Five pages by 3pm. Six hours on Tuesday. Half a section before lunch. These are proclamations towards progress, strategies to start and finish, ways to get it, writing, done.
I remember when I first used these heuristics. In graduate school, one of my friends (seventeen years and counting) used to monitor her dissertation progress in number of hours spent sitting down, facing the computer, hands on keyboard. She distinguished the real state of work from engaging in activities that resembled working, even resided near it, but did not, actually qualify as work. Top three of these activities: needing to “check” something (even before smart phones, there were things to check), confirming with calendar that today was indeed on the schedule, and eating.
Writing begets writing, writing wrestles out a topic, a topic terminates the torture of writing under physical, psychological, or temporal constraint. Or so we believed. I’ve been using versions of these techniques for two decades.
Now these tactics for writing are returning as a kind of topic about the relationship between beginnings and endings, about firsts and finishing and torture. Or, if not torture, then the tricks we play to goad us into a good day’s end. And, also, I’m considering those brief interludes of pleasure that peek into the push to progress. So I’m going on record: I was looking forward to sitting down to write this. It never occurred to me that the week’s musings and ideas, phrases and fleeting sentences would not yield up a topic. For this entry or for…what’s coming.
(Clearly we have moved out of the pleasure paragraph.)
The search for a subject has been the lingering concern of every utterance spoken or scribed over the last few months. When do you declare direction and when do you go on…forward, anyway? I know I describe familiar composing dilemmas–product and process, thesis-driven essay, open-ended thought paper, intention and invention.
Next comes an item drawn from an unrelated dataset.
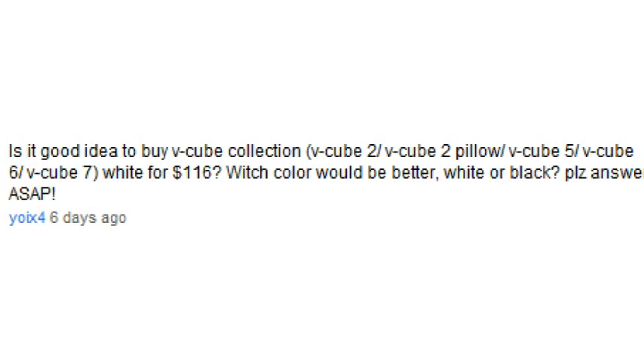Is it a good idea to buy the V-Cube collection for $116? Personally, I prefer to get one cube at a time, because then I can focus my entire attention on it — rather than being tempted to switch when I get frustrated. If I have just one cube, I have to focus entirely on it. However, if the money I would save was pretty significant, then I'd probably consider getting multiple cubes at once.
But none of these is my topic.
I am, however, interested in, if only distracted by, the sets of threes that hover over the topic quest. Threes I think are essential to any list that is also describing a condition, a potential coming into view. Threes dominate rhetoric, are the key components of persuasion, Aristotle tells us.
Threes also pervade the modern systems of power as Foucault described them, the set of relations that mediate our every day lives. It’s worth quoting a bit at length from an interview (conducted by then graduate student, now History professor Michael Bess) where Foucault calls on threes to declare a position on morality:
Question: Are there positive themes in your concept of what is good? In practice, what are the moral elements on which you base your actions toward others?
Foucault: I’ve already told you: refusal, curiosity, innovation.
Question: But aren’t these all rather negative in content?
Foucault: The only ethics you can have, with regard to the exercise of power, is the freedom of others. I don’t tell people, “Make love in this way, have children, go to work.”
Question: I have to admit, I find myself a bit lost, without points of orientation, in your world—because there’s too much openness.
Foucault: Listen, listen . . . How difficult it is! I’m not a prophet; I’m not an organizer; I don’t want to tell people what they should do. I’m not going to tell them, “This is good for you, this is bad for you!” I try to analyze a real situation in its various complexities, with the goal of allowing refusal, and curiosity, and innovation. History of the Present 4 (Spring 1988), 1-2, 11:
We are conditioned by power, by pedagogy, by rhetoric, to think of what’s first and last, what’s above and below, what’s higher and lower, what’s opening and closing, the beginning and the end. Technology, perhaps, changes this vertical perspective, (thank you apple lion for horizontal desktops). Maybe search engines reorient us towards an between. Foucault’s “refusal, and curiosity, and innovation” certainly moves me to a middle. These heuristics take topics out of the next step, past the temporal.
And at least for now, that’s where I sit.